Do you have trouble pruning words from your manuscript?
Since childhood, I’ve cherished the scene in Frances Hodgson’s The Secret Garden, where the three children stand outside the door in the wall they’ve uncovered. The rusty key goes into the ancient lock and they push into an overgrown garden, full of surprises, birds, animals and thick with promise.
Life is good–I had a similar experience as an adult, though we could see the thick, thatchy overgrown orchard through the deer fencing.
In our case, the whole family stood outside the gate as my husband shoved it open. Armed with pruners, lopers, saws, gloves, and masks, we pushed in with curiosity. What types of trees grew in that orchard seven years neglected?
I’m remembering it all today because I have another garden that needs pruning: the recently completed rough draft of my current project.
Ringing in my ears are the valiant words of a teaching assistant from my freshman composition class at UCLA: “Cut out the dead wood!”
I didn’t understand her meaning until I faced an overgrown orchard.
Suddenly pruning made sense.
To grow good fruit, trees need to be pruned regularly. The arborist wants to get light and air into the center, the heart, of the tree.
I spent thirty hours in that orchard, armed with saws and pruners. I stood back and considered each tree in turn. What wood was healthy? What boughs and limbs needed to go?
The more I cut away, the clearer it became.

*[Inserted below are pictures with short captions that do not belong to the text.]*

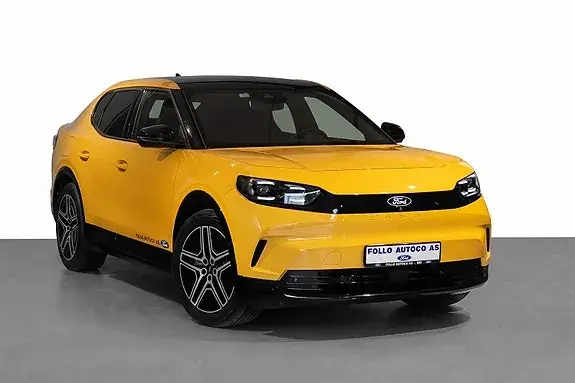 Ford Capri 2025 photo 4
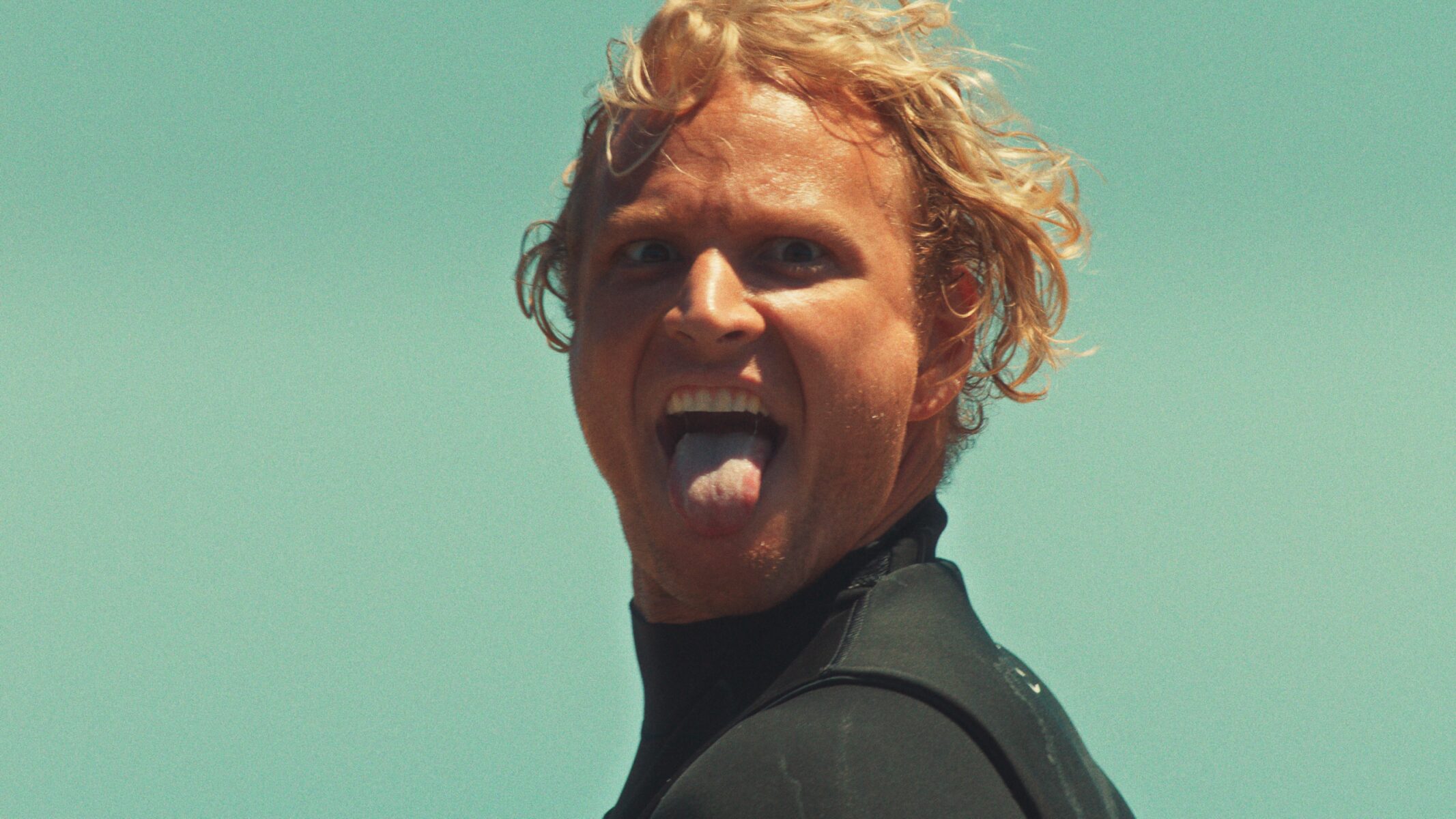 Behind The Surfer&nbsp;
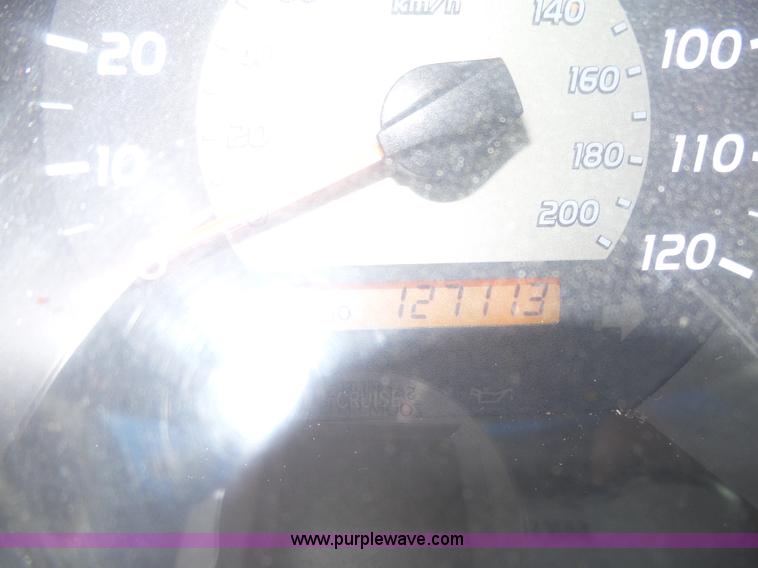 image for item L5660 2006 Toyota Tacoma SR5 Ext. Cab pickup truck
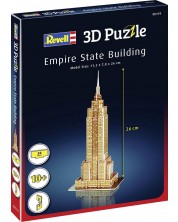3D Пъзел Revell - Емпайър Стейт Билдинг -1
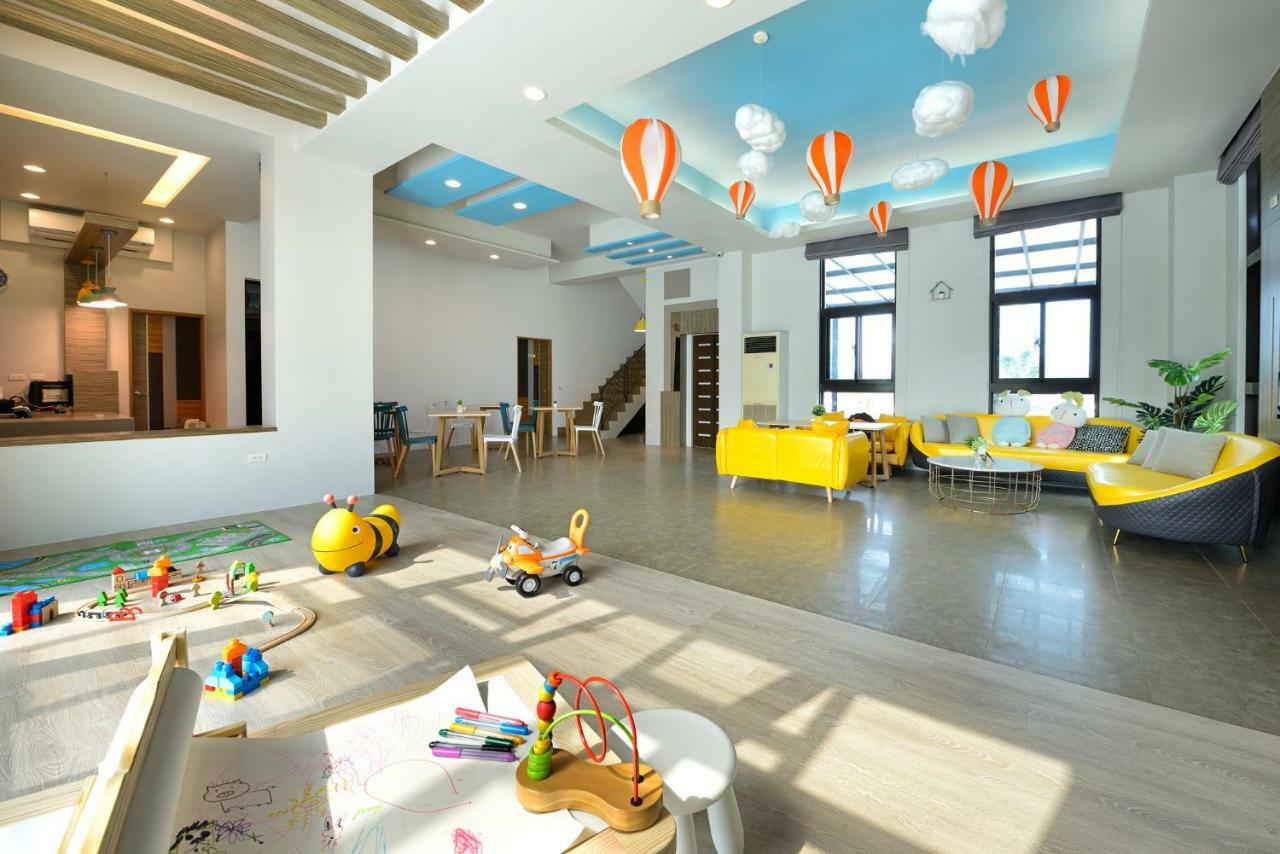 Bouti Kids B&B Yilan Ngoại thất bức ảnh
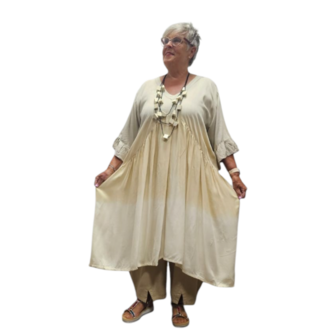 Dress Mila 05 sanddip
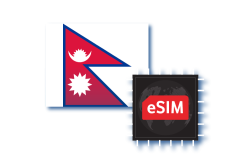 Nepal eSIM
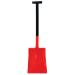 Snowburner Shovel 2-Part Standard T-Grip Orange 317596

Some trees gave up their dead wood easily, relieved to have it lopped off. Others trees were not so sure and the saw bit and plowed hard to cut limbs that pulled the tree down, distracted from the tree’s beauty, or simply made it hard to reach healthy fruit.
Some trees looked spindly and denuded when I finished.
Others looked relieved.
The next year, we got a bumper fruit crop.
Manuscript Pruning
I’m reading through my manuscript now, making notes, changing things, recognizing angles I put in unawares, and relentlessly cutting out all the dead writing–words that clutter the read, rather than make it refreshing.
No saws this time, unless I have to remove an entire scene. Right now I’m nipping and tucking, trying to get a sense of the overall story and how the plot interacts.
On a tree, you have to choose between overlapping limbs. Which one is the healthiest? Which will let in the most light?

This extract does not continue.